Das Schild über dem Eingang ›Beim Baumberger‹ leuchtete in der späten Nachmittagssonne.
»Meta! Xaver! Überraschung!«
Die beiden kamen aus der Küche. Meta Baumberger schloß die junge Frau in die Arme.
»Madl! Du bist schon da?«
»Ja, habt ihr mich denn erwartet? Ich wollte euch doch überraschen.«
»Grüß Gott, Rosa! Natürlich haben wir gewußt, daß du kommen tust. Alle Waldkogeler sprechen seit Wochen nur noch von den ›Herzmadln‹. Ihr seid ja richtig berühmt.«
Rosa schaute sich um.
»Wo ist denn der Toni?«
Dann lachte sie und fuhr sich durch ihr langes mittelbraunes Haar.
»Dumme Frage! Entschuldigt! Toni wird oben auf der Berghütte sein. Ich will da heute noch rauf mit den Freundinnen. Der Toni hatte mich ja zu seiner Hochzeit eingeladen. Aber leider war ich da im Ausland und konnte nicht kommen. Ich bin gespannt auf die Anna. Wie ist sie denn so?«
Metas Augen strahlten.
»Unsere Anna, des is eine ganz liebe. Ein fesches Madl und ein Madl mit Herz. Besser hätt’s unser Antonius net treffen können. Von so einer Schwiegertochter, wie aus dem Bilderbuch, hab’ i net zu träumen gewagt. Aber du wirst die Anna ja kennenlernen.«
Rosalie umarmte Meta.
»Ich würde so gern mit euch noch plaudern, aber wir müssen uns ranhalten, damit wir noch rechtzeitig rauf zur Oberländer Alm kommen. Dort wollen wir den Traktor und die Wagen abstellen.«
Xaver Baumberger warf einen Blick durch das Fenster auf die Straße.

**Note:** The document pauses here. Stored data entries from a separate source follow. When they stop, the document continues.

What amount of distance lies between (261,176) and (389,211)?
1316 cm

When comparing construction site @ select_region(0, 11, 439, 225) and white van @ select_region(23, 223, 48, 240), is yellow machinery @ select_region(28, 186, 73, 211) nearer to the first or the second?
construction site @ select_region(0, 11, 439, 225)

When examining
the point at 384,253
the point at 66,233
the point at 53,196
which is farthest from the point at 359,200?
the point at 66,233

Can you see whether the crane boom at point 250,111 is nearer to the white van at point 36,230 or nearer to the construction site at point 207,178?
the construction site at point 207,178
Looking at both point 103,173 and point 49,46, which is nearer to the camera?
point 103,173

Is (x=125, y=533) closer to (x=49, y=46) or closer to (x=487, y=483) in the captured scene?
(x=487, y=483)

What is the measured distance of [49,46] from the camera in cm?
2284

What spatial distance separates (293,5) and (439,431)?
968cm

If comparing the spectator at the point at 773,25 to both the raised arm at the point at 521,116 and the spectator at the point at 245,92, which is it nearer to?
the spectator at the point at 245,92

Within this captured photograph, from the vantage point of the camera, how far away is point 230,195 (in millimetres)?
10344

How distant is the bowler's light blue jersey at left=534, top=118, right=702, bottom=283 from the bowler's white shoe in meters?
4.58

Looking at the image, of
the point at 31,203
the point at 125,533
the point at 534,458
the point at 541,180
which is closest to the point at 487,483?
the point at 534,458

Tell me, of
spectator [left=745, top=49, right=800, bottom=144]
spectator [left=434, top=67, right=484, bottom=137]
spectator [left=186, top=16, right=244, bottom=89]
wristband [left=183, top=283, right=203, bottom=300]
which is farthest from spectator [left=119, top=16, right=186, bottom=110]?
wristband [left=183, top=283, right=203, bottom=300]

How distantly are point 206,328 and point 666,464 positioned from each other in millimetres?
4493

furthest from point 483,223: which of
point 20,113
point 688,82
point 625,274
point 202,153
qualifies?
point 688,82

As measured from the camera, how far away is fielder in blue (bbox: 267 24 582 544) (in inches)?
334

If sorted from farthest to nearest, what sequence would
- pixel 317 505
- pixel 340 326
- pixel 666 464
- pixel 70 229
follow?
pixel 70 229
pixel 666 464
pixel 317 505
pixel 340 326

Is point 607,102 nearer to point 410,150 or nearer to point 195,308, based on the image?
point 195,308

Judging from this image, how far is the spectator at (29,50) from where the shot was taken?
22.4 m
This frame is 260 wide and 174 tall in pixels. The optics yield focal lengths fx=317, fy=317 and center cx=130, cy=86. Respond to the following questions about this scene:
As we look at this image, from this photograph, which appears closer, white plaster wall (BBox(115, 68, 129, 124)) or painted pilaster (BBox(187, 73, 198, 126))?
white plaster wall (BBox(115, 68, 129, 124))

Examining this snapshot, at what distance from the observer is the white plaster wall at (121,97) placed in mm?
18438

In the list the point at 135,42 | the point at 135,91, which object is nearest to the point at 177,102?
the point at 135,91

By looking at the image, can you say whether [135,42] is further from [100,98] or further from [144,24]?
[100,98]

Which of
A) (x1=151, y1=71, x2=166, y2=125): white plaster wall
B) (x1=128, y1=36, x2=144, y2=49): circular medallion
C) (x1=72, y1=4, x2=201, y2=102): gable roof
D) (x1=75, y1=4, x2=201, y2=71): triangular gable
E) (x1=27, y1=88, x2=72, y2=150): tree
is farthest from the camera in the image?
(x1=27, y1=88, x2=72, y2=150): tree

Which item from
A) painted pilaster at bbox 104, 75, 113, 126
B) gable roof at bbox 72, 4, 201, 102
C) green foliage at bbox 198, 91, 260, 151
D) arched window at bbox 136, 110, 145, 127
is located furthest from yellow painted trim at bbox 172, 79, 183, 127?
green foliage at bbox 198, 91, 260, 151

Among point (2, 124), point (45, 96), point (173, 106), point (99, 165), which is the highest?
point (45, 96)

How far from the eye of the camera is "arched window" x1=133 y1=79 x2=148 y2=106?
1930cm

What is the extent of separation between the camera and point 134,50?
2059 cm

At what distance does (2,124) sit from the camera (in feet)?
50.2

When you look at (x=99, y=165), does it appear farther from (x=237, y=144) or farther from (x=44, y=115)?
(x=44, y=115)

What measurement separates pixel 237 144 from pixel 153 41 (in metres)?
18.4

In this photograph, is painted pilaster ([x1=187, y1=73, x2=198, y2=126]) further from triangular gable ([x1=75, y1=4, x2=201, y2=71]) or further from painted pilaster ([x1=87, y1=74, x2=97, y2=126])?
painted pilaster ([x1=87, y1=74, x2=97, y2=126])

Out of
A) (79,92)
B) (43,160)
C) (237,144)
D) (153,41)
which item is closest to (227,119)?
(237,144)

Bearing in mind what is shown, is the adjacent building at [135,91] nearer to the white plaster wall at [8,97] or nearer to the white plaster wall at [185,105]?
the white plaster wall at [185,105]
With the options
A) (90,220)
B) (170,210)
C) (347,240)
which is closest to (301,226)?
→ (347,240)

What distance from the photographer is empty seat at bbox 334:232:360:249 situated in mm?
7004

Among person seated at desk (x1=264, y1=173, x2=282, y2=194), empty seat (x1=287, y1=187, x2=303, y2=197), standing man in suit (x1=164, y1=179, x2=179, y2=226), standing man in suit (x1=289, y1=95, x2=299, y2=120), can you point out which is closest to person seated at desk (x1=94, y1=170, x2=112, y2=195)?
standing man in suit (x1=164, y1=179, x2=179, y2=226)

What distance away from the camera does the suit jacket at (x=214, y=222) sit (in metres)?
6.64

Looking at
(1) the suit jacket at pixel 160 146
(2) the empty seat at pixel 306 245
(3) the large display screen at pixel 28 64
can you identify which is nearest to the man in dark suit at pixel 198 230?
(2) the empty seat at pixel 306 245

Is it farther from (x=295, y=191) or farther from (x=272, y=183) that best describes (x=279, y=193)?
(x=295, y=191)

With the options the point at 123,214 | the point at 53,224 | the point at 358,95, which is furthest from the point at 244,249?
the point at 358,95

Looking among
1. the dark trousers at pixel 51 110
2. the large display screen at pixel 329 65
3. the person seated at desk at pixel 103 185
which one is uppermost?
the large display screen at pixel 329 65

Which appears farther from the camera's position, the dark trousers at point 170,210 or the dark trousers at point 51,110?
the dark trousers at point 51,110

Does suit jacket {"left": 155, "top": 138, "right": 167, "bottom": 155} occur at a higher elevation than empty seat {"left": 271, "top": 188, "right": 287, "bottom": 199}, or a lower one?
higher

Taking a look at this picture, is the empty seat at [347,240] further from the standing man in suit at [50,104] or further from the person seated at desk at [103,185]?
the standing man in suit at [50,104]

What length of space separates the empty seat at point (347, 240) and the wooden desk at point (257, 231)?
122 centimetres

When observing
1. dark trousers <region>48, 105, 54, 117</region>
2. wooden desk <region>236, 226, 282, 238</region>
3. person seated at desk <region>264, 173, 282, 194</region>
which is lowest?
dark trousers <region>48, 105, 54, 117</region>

»Donnerwetter, des is ja eine gewaltige Zugmaschine. Wo habt ihr die denn her?«
»Die gehört mir!« verkündete Rosa stolz.
»Mei Gott, Madl! Was du net sagst. I’ kann des kaum glauben.«
Xaver Baumberger ging hinaus. Die Hände in den Hosentaschen seiner Lederhose umkreiste er den Traktor.
»Des is ein Traum!«
Rosalie stellte ihre Freundinnen vor.
»Das sind Astrid, Pamela und Nancy!«
»Und z’sammen seid ihr die ›Herzmadln‹!«
»Richtig, Baumberger! Zusammen sind wir die ›Herzmadln‹.«
»Und in dem Anhänger wohnt ihr während eurer Tournee? Des sind ja richtige Zirkuswagen.«
»Ja, Baumbergerin! Ich würde dir und deinem Mann gern alles zeigen. Aber wir müssen los. Am Wochenende spielen wir ja auf der Kirchweih. Dann könnt ihr alles besichtigen. Wir laden euch zum Kaffee ein.«
Pamela, die hinterm Steuer saß, deutete auf ihre Armbanduhr.

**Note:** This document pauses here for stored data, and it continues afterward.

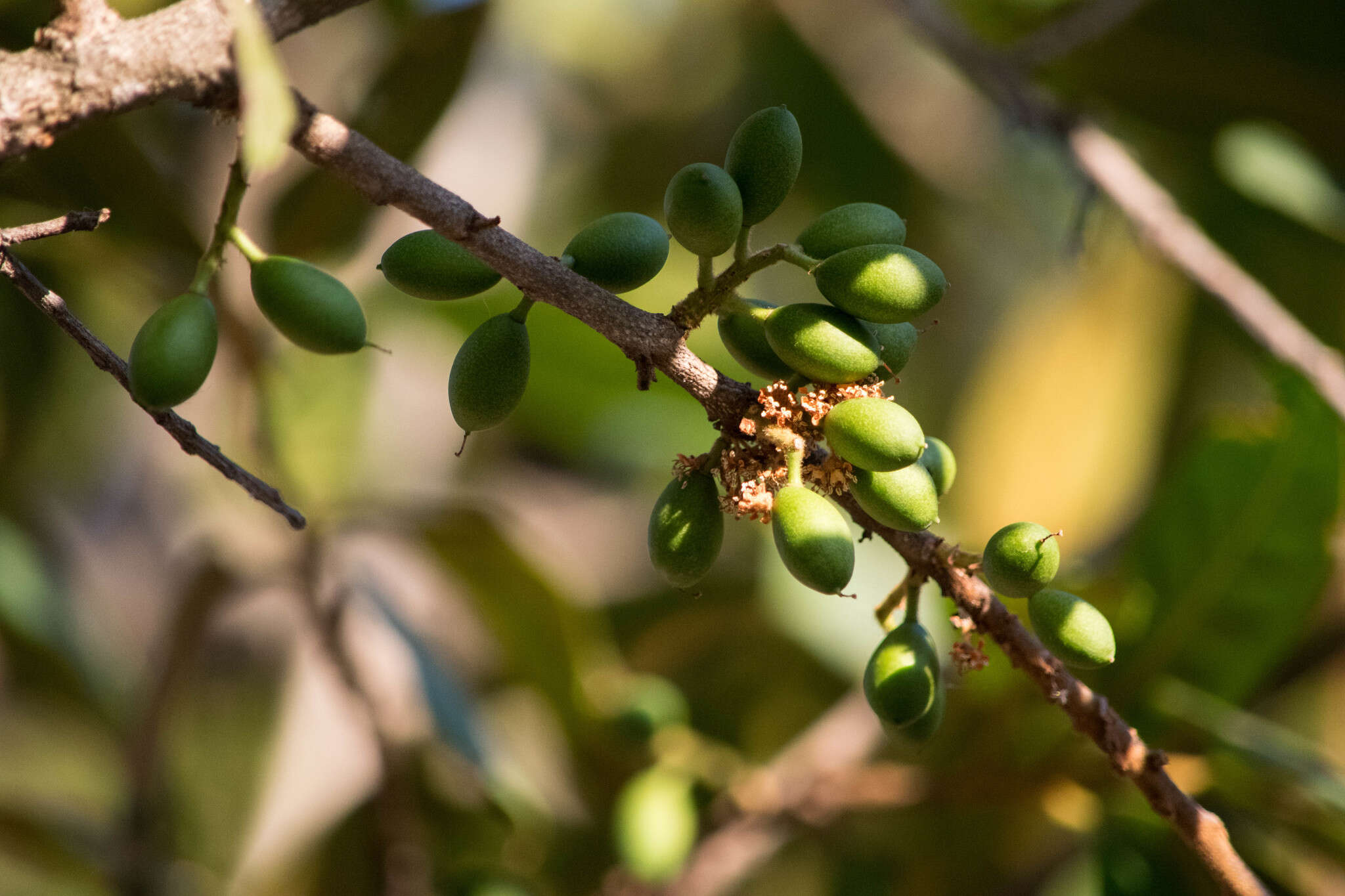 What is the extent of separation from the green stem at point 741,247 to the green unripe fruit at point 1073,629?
28 cm

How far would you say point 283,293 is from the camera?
593 mm

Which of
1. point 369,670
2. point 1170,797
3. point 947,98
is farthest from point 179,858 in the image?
point 947,98

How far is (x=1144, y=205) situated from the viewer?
4.75 ft

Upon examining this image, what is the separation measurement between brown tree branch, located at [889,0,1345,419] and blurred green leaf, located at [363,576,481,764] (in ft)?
3.72

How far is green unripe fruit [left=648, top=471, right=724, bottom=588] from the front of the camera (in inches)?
25.8

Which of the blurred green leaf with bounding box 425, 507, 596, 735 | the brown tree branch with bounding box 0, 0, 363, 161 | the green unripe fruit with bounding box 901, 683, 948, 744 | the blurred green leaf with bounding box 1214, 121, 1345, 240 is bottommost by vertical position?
the green unripe fruit with bounding box 901, 683, 948, 744

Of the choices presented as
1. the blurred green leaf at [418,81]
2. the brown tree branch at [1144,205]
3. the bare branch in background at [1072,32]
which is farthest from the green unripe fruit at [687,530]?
the bare branch in background at [1072,32]

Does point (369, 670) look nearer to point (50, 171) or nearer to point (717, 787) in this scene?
point (717, 787)

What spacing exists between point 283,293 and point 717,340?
118 cm

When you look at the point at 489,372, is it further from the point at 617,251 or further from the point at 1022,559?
the point at 1022,559

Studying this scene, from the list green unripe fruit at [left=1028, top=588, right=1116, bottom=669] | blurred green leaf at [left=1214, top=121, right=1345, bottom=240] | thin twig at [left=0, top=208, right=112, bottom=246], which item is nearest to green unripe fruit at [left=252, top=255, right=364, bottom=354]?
thin twig at [left=0, top=208, right=112, bottom=246]

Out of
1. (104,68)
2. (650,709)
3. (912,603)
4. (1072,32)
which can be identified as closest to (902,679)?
(912,603)

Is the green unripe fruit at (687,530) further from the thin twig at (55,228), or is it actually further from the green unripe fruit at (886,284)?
the thin twig at (55,228)

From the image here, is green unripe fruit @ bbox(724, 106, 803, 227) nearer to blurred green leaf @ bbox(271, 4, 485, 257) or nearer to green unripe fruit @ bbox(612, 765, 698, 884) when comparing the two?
blurred green leaf @ bbox(271, 4, 485, 257) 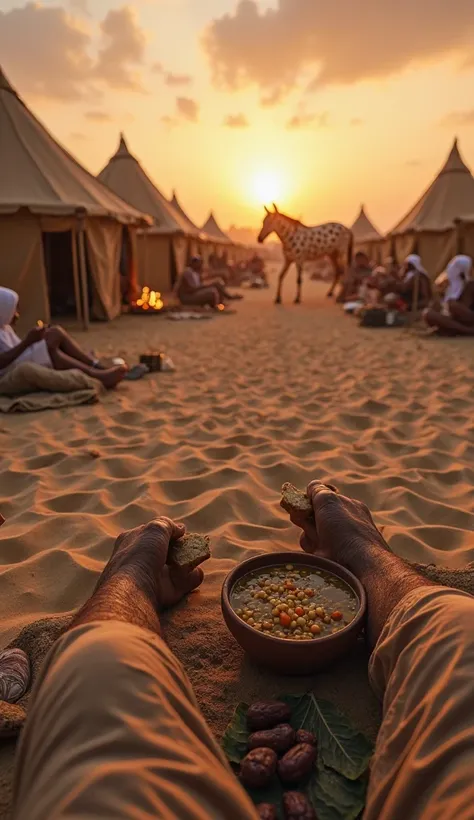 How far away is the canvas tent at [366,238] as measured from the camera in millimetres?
19223

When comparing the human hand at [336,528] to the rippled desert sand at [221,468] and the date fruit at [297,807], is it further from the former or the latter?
the date fruit at [297,807]

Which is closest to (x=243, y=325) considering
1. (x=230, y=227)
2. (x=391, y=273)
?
(x=391, y=273)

Rosa verabschiedete sich von den beiden und kletterte hinauf auf den Bock des Traktors.
»I’ ruf’ den Toni und die Anna an, daß ihr heut’ noch rauf auf die Berghütte kommt. Aber ihr müßt mir versprechen, wenn’s zu dunkel wird, daß ihr erst morgen früh aufsteigen tut.«
»Mach dir keine Sorgen, Bamberger! Der Aufstieg zur Berghütte ist nicht so gefährlich, wie in der Hauptverkehrszeit über eine belebte Straße zu gehen.«
»Des Madl is immer noch so schlagfertig wie eh und je. Hat sich kein bisserl verändert in den drei Jahren, wo wir sie net gesehen haben, Meta.«
»Die Rosa, die is schon richtig. Jetzt halt’ des Madl net auf. Wir sehen sie ja am Wochenende.«
Pamela ließ den starken Dieselmotor an. Unter großem Lärm fuhren sie an. Meta und Xaver Baumberger standen noch auf der Straße und sahen den vier Frauen nach, bis sie mit ihrem Gefährt verschwunden waren.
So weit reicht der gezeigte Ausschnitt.